The banh mi sandwich ($10) was the best dish we had at Blue Sage, though it is not what one would think of as a traditional banh mi. The standard Vietnamese sandwich usually features various cold cuts, pork parts, and pate with pickled veggies and chilies. This version had grilled chicken, Sriracha mayo, and pickled carrots, daikon, and cucumber on soft French bread. The whole thing was topped with cilantro and was moist and well-balanced due to the play between the pickles, the mayo, and the spicy Sriracha. It was a good sandwich, but it, like the chevre tower, left us longing for something more.
The pizzas at Blue Sage are cooked on barbary bread, a type of light and crisp flatbread perfect for pizzas if you lack a wood-fired oven. The pizza Portuguese ($15 whole, $8 half) was loaded with bacon, clam pieces, garlic, olive oil, and parsley. It was a bit dry, but the bacon overpowered everything so much so that it didn't matter. The pizza Carolina ($17 whole, $9 half) was a lip-burning mess that had pulled pork spiked with way too much chili flake, topped with chopped dill pickles. A base of caramelized onions and cheddar lent sweetness but it did little to quell the inferno from the chilies and the sourness from all of the pickle juice released by the dill-spear pieces.

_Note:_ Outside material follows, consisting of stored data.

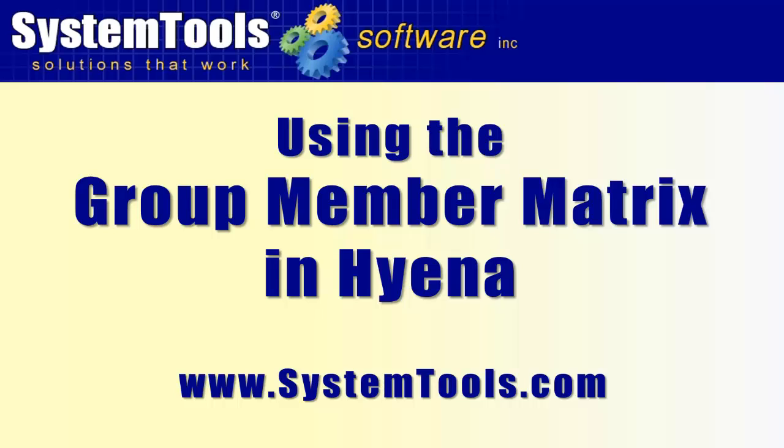Hi, I'm going to give you a brief overview of the Group Member Matrix, a newly integrated feature in Hyena version 10.5.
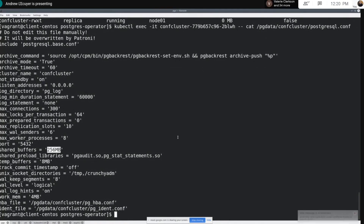That basically wraps up what I wanted to show for the custom configuration example. I wanted to dive in and show you where you can find all your new configuration settings — with this change, they're all consolidated into that one config map — and show you how you can then modify those settings as you see fit. It's really as simple as just updating that config map. And now, thanks to this restart command, you can also execute your restarts directly from the PGO command line utility as well.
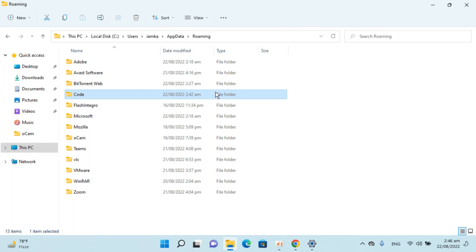So hope it has helped you to completely uninstall Visual Studio Code on Windows 11. Visual Studio Code will be deleted.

It was a waste of an interesting crust.
A flourless chocolate cake ($6) was rich and dense but not heavy. The slice of strawberry made us wish for a sauce or whole strawberries as an accompaniment. It would have made for a much better desert.
Blue Sage serves OK food, but that's not enough to draw a crowd in Mount Washington these days, amid the rebuilt Mt. Washington Tavern and solid standbys like Desert Café, Crepe Du Jour, and Ethel and Ramone's. "Meh" is never the reaction a restaurant wants to hear from a customer, but until the menu and cooking are refined, that's all Blue Sage is going to get.